We can apply this same qualification principle to webchat too. In its simplest form, if you install a basic webchat application, such as PureChat, it greets visitors and offers a chat window on every single page of your website and then, based on the nature of the chat that ensues, the prospect can either be nurtured if they are at the early stages of the buying cycle or prioritised as a qualified, hot lead if they are looking to purchase.

It is possible to take a more focused approach, however, and the easiest way to do that is to target the high intent pages on your site – pages with pricing and product features. If you set your webchat to only offer a chat window to visitors on those pages, you will have less webchats, but they are likely to be with web visitors who are further progressed in their purchase journey and these will have a higher rate of conversion from webchat to hot, qualified lead and/or sale.

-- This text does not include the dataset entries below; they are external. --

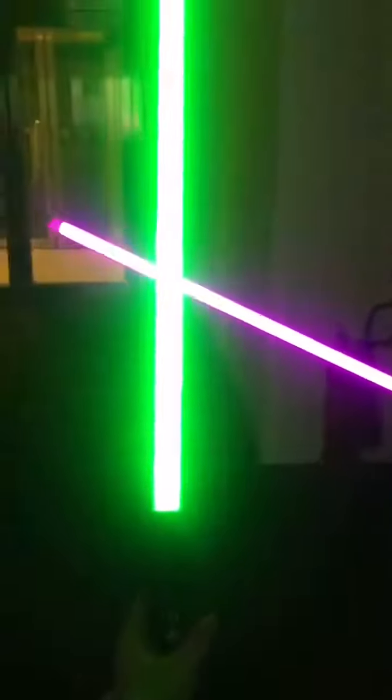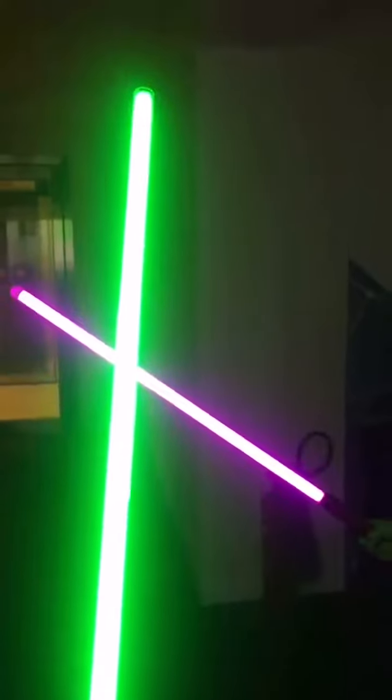Over here we have a green blade and a pink blade on the opposite end. It's really bright as you can see. Just a close-up on the pink blade — very solid stream all the way to the end.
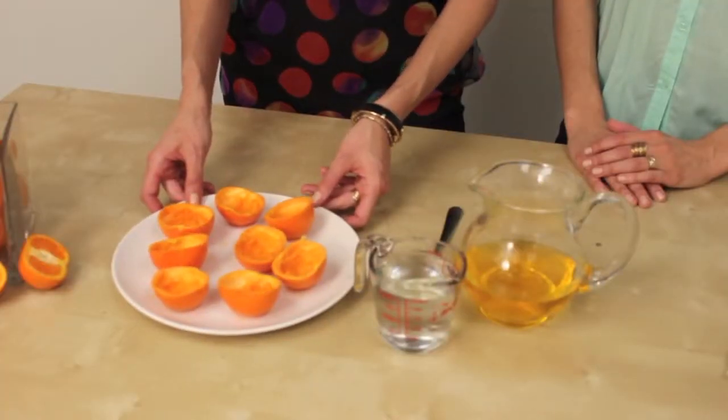To put your Jell-O shots in, we've got some hollowed out clementines. You just slice those in half, hollow them out. It's going to look like little basketballs.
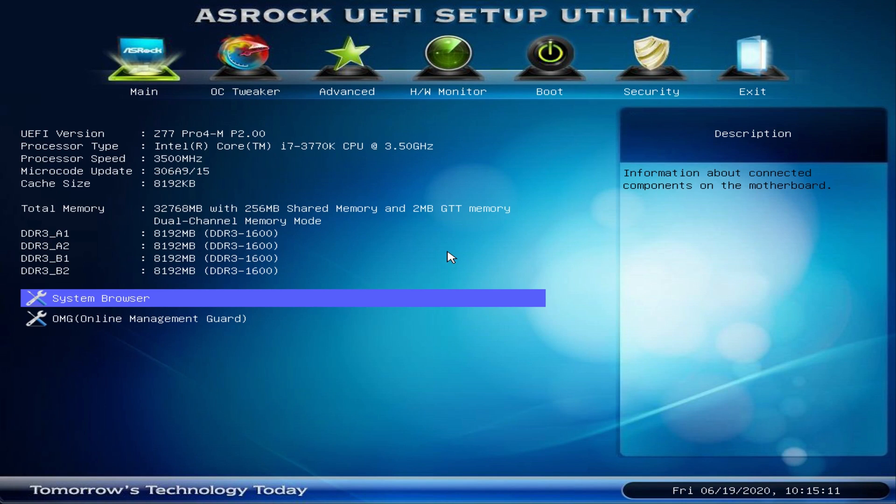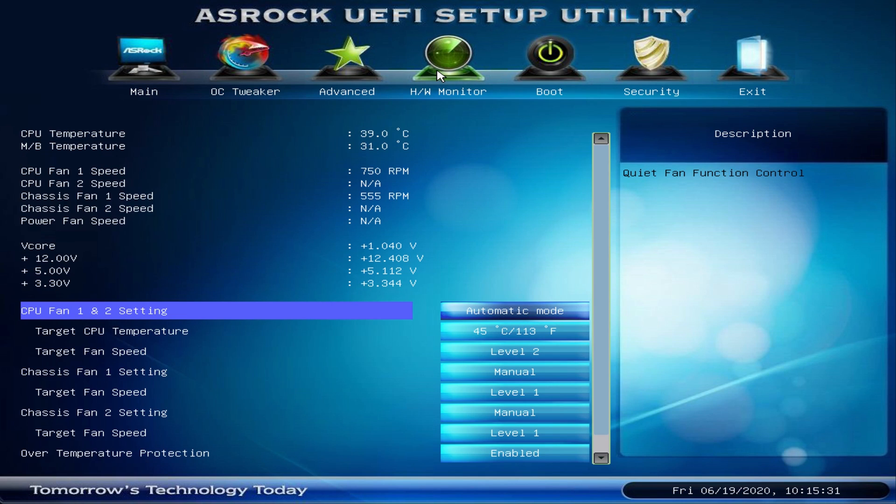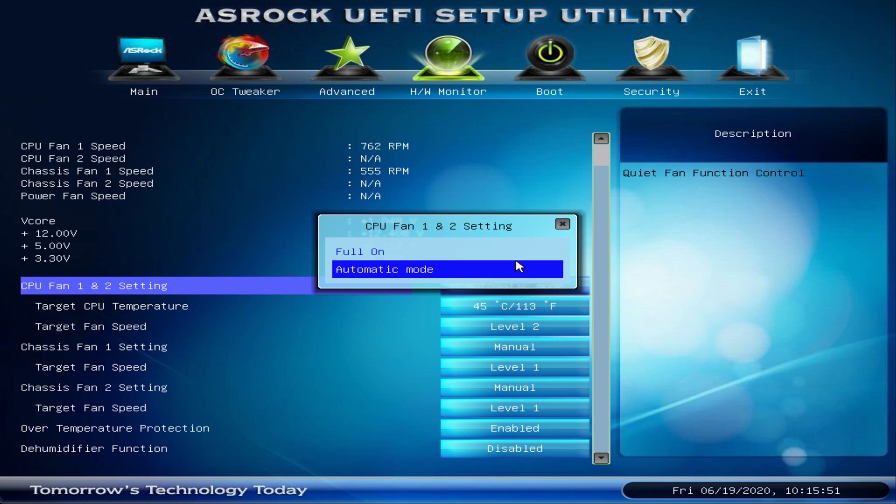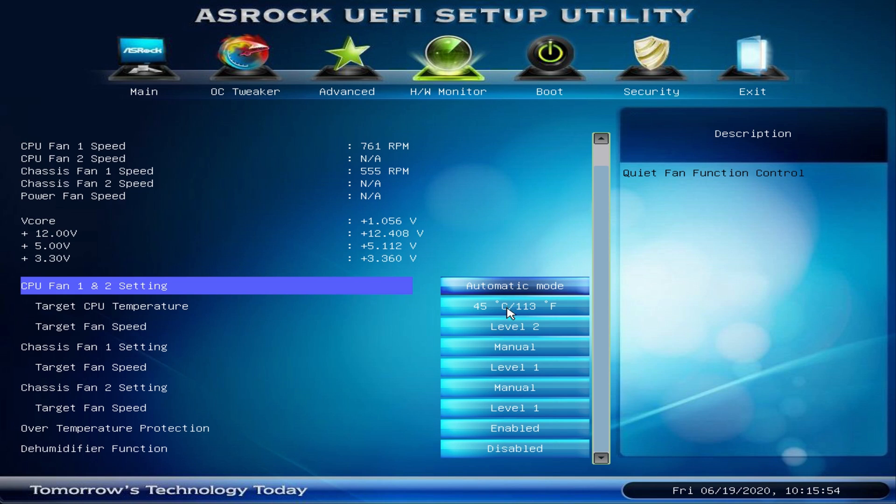Once you have your bootable Ubuntu USB stick, it's time to adjust some BIOS settings for your new home server. Where exactly you find these settings will vary depending on your motherboard manufacturer and version, so if you don't find some of these options, simply consult your motherboard's manual. After turning on the server for the first time, check if all memory is correctly recognized and whether the motherboard correctly recognized your CPU. Also go to the hardware monitor and check whether the CPU temperature is in a reasonable range. Here you can also set up fan curves for the CPU and chassis fans — I like to set them so the server doesn't get too hot but also doesn't get too loud.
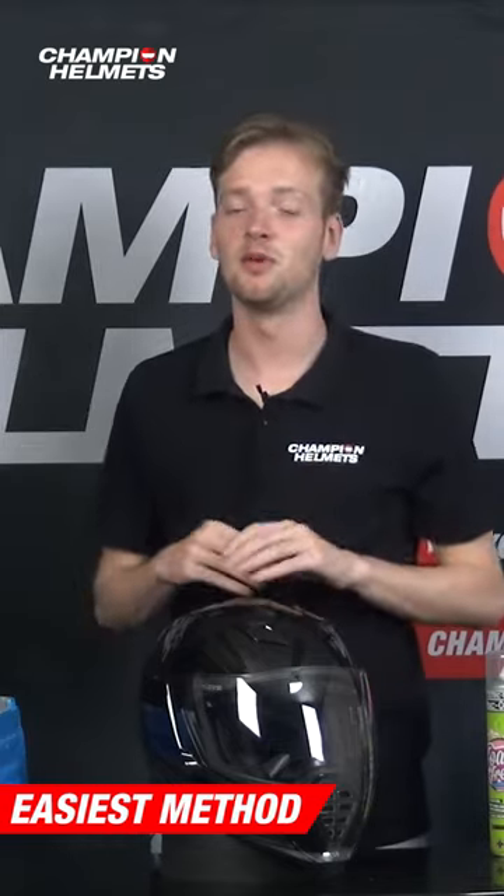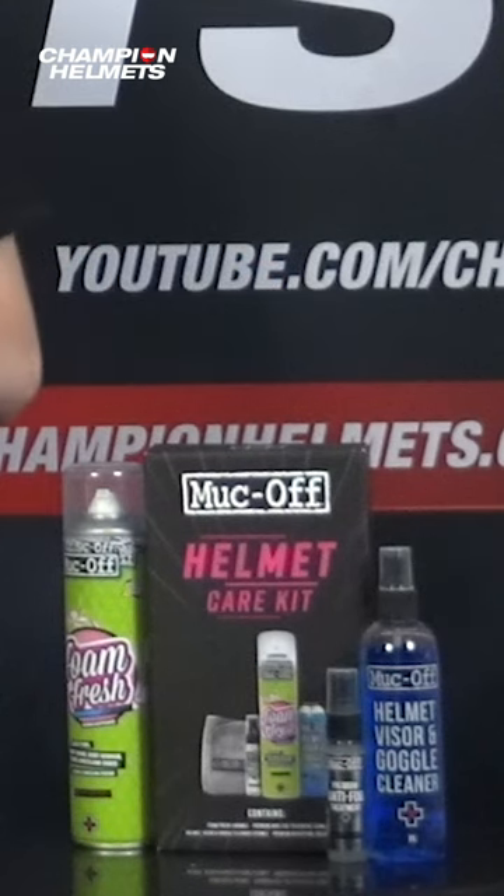I have a quicker way to clean your helmet if you're willing to buy specific helmet care products. Next to me I have a helmet care kit, and this one's made by Muck Off, and it will make maintaining your helmet a lot easier.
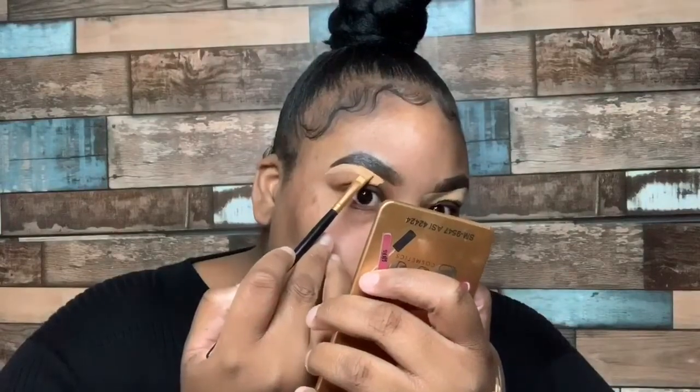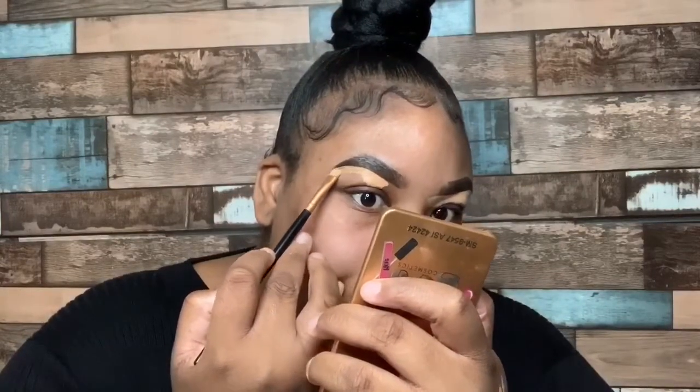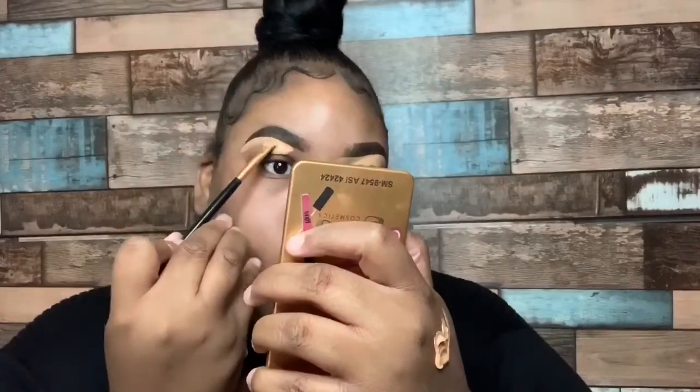Alright y'all, so now we're going to go ahead and clean up our brows, and to do that I'm using my LA Girl Pro Concealer in medium beige.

This will reduce the number of chats you have and the amount of resource you need to staff your webchat. Bear in mind, though, that by only offering webchat to visitors who look as though they are already nearly ready to buy, you are missing an opportunity. If you demonstrate your high level of customer services to all website visitors, there will be more who, if nurtured properly, might be more inclined to buy. If you have the resources available to engage with all visitors and show them all how great your customer service is, you position your brand very well and make a great first impression. Many buyers peruse the market place in broad terms as the first step in their purchase journey and you never get a second chance to make a first impression!